(THE TASK):
The required output is the exact run of lines from the one bearing "If you aren't" through the final line of the listing below, with the pictures removed.

(RECORDED INFORMATION):
+--

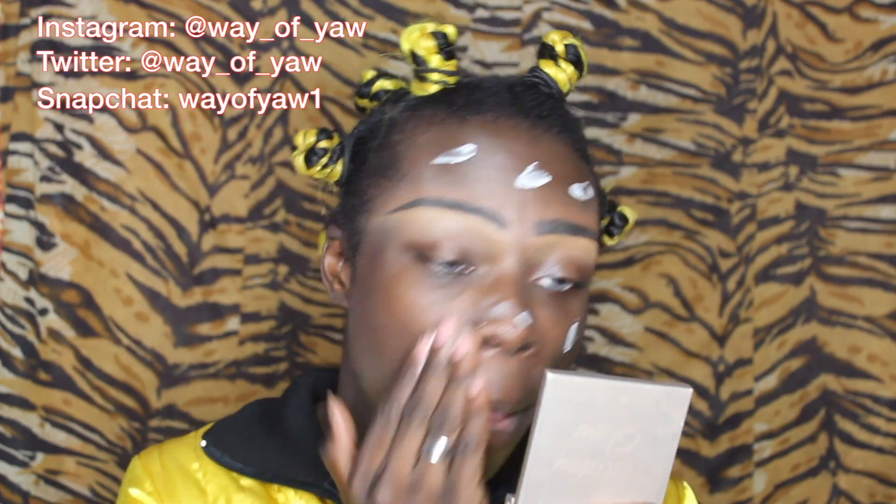I've already cleansed my skin beforehand because even though it's a five minute video, you still want to at least clean your skin a bit. I'm going to use a little bit of moisturizer to make sure that the skin is hydrated — get me snatched. We are officially moisturized.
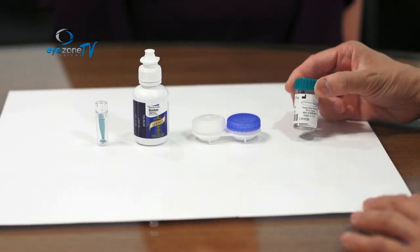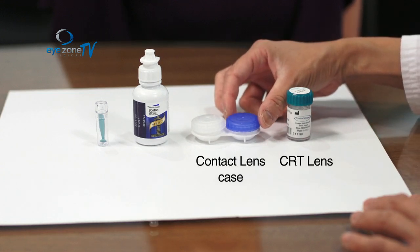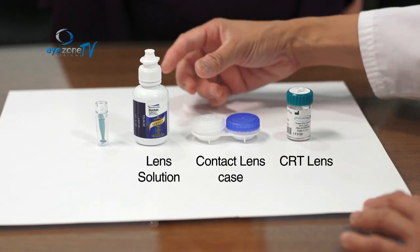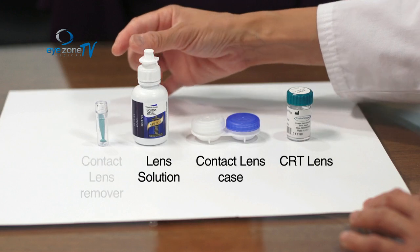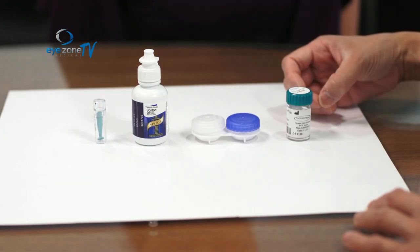Today we're going to demonstrate how to use your CRT lenses and how to take care of them. The first thing you're going to need is your CRT lens, which we've just measured you for. You're also going to need a contact lens case to store your lenses, keeping your right and left lens separate. You'll also need a solution to wash and store your contact lenses, and a small plunger to remove them from your eyes.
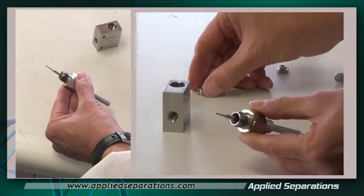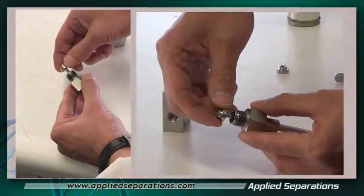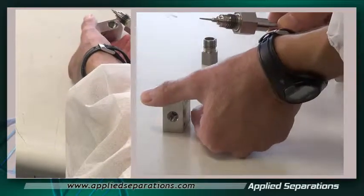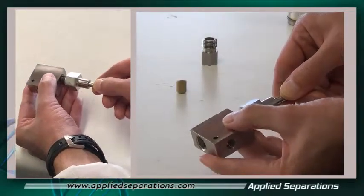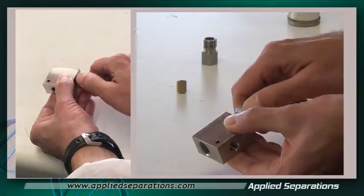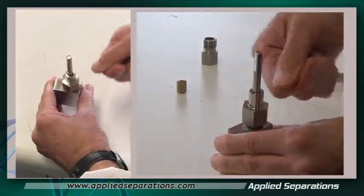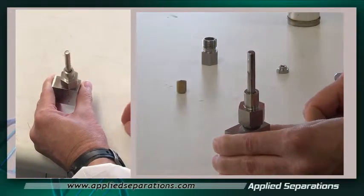Now take the large stainless steel washer and place it on there. Take the valve body and screw on the stem nut. You want to go finger tight and then use a wrench to tighten it just a little bit more. You don't want to go overly tight with that.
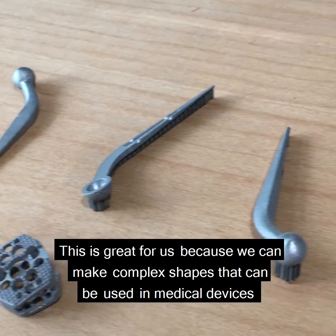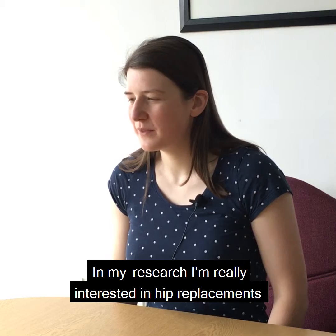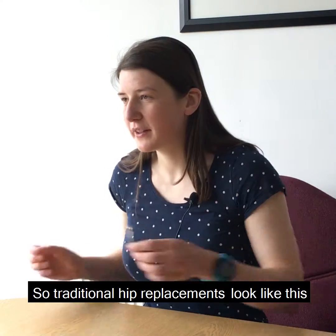This is great for us because we can make compact shapes that can be used in medical devices. In my research, I'm really interested in hip replacements.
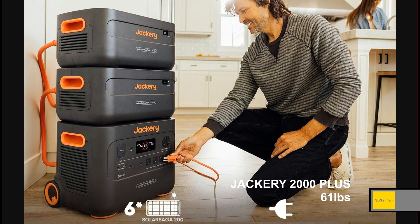Jackery does have a 2000 that you can expand — that's the 2000 Plus, the suitcase-style design. That one does have huge solar too, I think around 1200 to 1400 watts, so very similar. The only thing is that one does weigh 60 pounds, and that is where this new Rover 2000 is smaller and lighter.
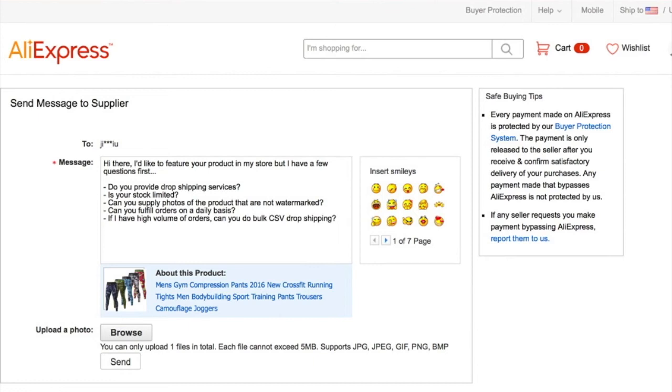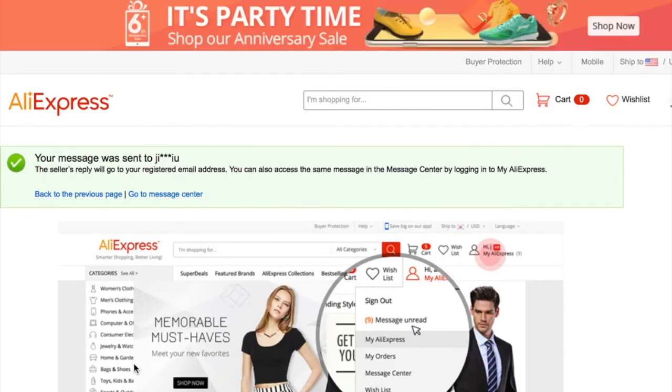If you aren't familiar with bulk CSV documents, it's either a Numbers document or an Excel spreadsheet of all your orders. Let's say you get a hundred orders in a day — you're not going to send them one by one. You send a spreadsheet so they can take care of all of them at once. It's way quicker and super efficient. After confirming they pass all these tests, press Send and wait for your vendor to get back to you.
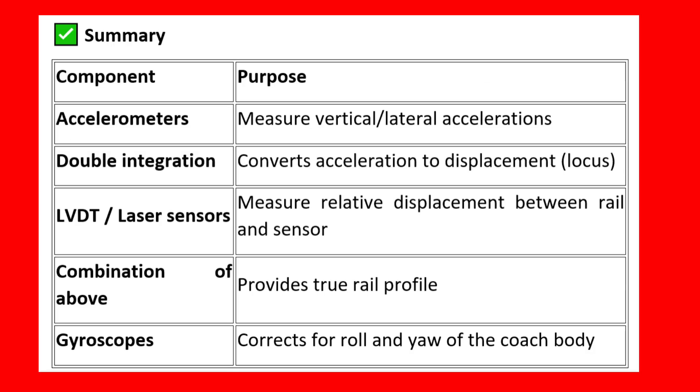The purpose of each component is summarized here. Accelerometers measure vertical and lateral accelerations. Double integration converts acceleration to a displacement locus. LVDT and laser sensors measure relative displacement between the rail and the sensor. The combination of these provides the true rail profile. Gyroscopes correct for roll and yaw of the coach body.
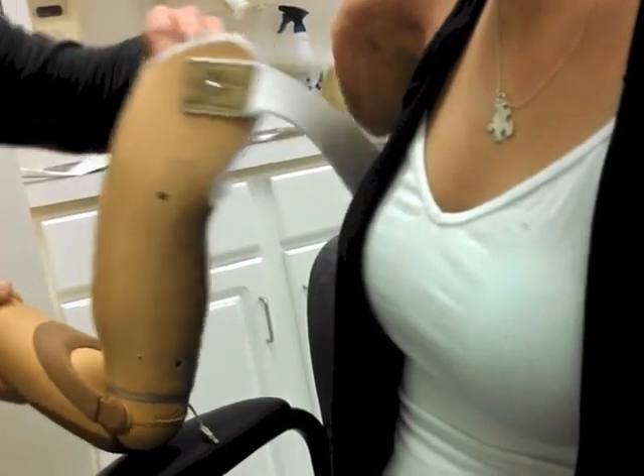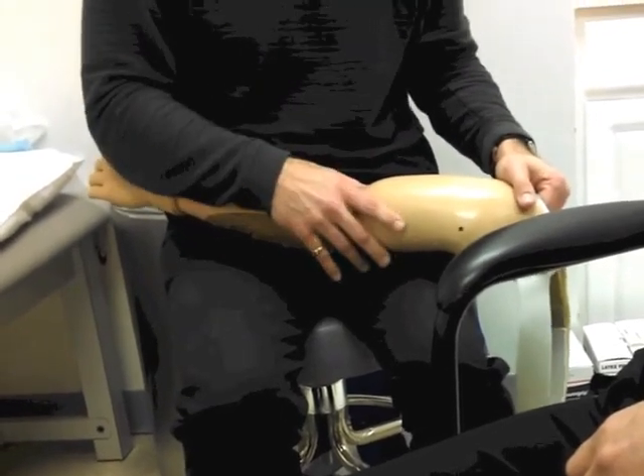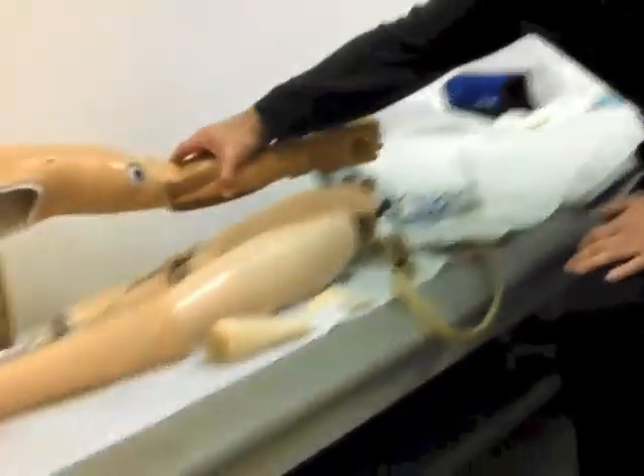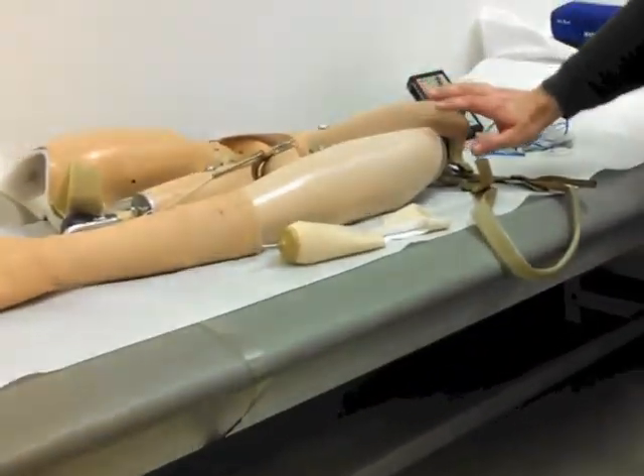The strap will feel a little odd at first. I see a lot of upper extremity amputees — in the Philadelphia area I probably see the most, though there are other companies that travel and see many as well. In reference to types, these are honestly the three types you're going to see most.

+--

(WRITTEN SOLUTION):
If you aren't familiar with bulk CSV documents, it's either a Numbers document or an Excel spreadsheet of all your orders. Let's say you get a hundred orders in a day — you're not going to send them one by one. You send a spreadsheet so they can take care of all of them at once. It's way quicker and super efficient. After confirming they pass all these tests, press Send and wait for your vendor to get back to you.
The purpose of each component is summarized here. Accelerometers measure vertical and lateral accelerations. Double integration converts acceleration to a displacement locus. LVDT and laser sensors measure relative displacement between the rail and the sensor. The combination of these provides the true rail profile. Gyroscopes correct for roll and yaw of the coach body.
The strap will feel a little odd at first. I see a lot of upper extremity amputees — in the Philadelphia area I probably see the most, though there are other companies that travel and see many as well. In reference to types, these are honestly the three types you're going to see most.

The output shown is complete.